__TASK DIRECTIONS__
From the entries below, return only the lines starting at the one that contains "Toàn Dân Chuyển" and ending at the one that contains "Casa em condomínio", exactly as they stand.

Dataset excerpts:

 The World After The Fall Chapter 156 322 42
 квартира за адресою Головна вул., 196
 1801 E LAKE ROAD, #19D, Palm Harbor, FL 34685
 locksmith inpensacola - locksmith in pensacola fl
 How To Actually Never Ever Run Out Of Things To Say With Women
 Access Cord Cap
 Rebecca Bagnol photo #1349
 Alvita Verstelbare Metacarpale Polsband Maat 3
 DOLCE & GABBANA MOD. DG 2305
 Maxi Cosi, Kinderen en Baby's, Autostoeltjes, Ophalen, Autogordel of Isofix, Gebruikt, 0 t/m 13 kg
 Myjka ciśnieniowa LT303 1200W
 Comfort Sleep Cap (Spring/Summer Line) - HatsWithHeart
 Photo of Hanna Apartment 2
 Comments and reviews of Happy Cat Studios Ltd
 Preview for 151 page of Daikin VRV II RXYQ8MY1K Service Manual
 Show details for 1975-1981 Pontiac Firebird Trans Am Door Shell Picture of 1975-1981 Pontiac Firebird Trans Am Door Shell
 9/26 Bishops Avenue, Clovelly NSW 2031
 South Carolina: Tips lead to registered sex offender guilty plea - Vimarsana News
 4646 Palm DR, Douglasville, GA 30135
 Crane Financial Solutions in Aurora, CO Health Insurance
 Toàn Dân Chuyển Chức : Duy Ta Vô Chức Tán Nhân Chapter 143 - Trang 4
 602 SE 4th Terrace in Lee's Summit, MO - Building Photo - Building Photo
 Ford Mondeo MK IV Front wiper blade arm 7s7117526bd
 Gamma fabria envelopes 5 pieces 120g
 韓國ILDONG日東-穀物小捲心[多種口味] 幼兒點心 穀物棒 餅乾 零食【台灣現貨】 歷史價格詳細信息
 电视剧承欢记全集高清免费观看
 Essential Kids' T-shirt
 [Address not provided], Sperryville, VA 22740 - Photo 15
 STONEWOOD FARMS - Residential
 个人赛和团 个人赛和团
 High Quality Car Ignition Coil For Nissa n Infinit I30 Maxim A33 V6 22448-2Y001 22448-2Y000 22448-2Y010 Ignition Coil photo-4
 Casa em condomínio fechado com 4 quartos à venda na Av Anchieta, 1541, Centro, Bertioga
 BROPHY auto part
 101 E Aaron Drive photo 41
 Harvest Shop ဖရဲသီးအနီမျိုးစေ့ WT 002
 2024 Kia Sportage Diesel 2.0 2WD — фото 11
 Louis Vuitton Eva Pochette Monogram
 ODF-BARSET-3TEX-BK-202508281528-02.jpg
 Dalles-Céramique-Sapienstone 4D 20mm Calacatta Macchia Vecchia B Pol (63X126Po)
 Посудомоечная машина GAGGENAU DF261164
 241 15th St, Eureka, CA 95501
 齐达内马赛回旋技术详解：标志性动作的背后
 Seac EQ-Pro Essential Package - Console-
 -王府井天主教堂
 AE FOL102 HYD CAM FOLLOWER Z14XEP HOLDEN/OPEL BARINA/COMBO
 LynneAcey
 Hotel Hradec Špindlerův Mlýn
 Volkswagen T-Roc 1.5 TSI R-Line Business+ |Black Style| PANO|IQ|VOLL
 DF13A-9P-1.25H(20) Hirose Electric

__EXERCISE SOLUTION__
 Toàn Dân Chuyển Chức : Duy Ta Vô Chức Tán Nhân Chapter 143 - Trang 4
 602 SE 4th Terrace in Lee's Summit, MO - Building Photo - Building Photo
 Ford Mondeo MK IV Front wiper blade arm 7s7117526bd
 Gamma fabria envelopes 5 pieces 120g
 韓國ILDONG日東-穀物小捲心[多種口味] 幼兒點心 穀物棒 餅乾 零食【台灣現貨】 歷史價格詳細信息
 电视剧承欢记全集高清免费观看
 Essential Kids' T-shirt
 [Address not provided], Sperryville, VA 22740 - Photo 15
 STONEWOOD FARMS - Residential
 个人赛和团 个人赛和团
 High Quality Car Ignition Coil For Nissa n Infinit I30 Maxim A33 V6 22448-2Y001 22448-2Y000 22448-2Y010 Ignition Coil photo-4
 Casa em condomínio fechado com 4 quartos à venda na Av Anchieta, 1541, Centro, Bertioga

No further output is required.